=== About this exercise ===
From the data that follows, set down exactly the lines from the one with "长江遭遇三镇马尔康梅开二度解析与背后技战术的深度剖析" through the one with "мефедрон Коряжма", counting both. Pictures stay out.

=== Source records ===
= = = = =

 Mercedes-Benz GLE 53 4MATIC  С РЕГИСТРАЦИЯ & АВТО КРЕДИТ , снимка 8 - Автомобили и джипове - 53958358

= = = = =

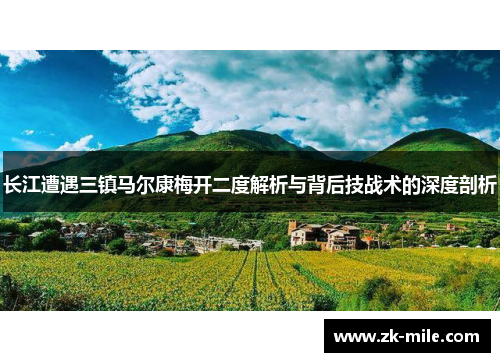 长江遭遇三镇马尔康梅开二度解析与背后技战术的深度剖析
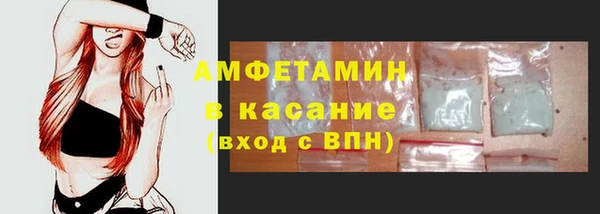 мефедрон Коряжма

= = = = =

=== Solution below ===
 长江遭遇三镇马尔康梅开二度解析与背后技战术的深度剖析
 мефедрон Коряжма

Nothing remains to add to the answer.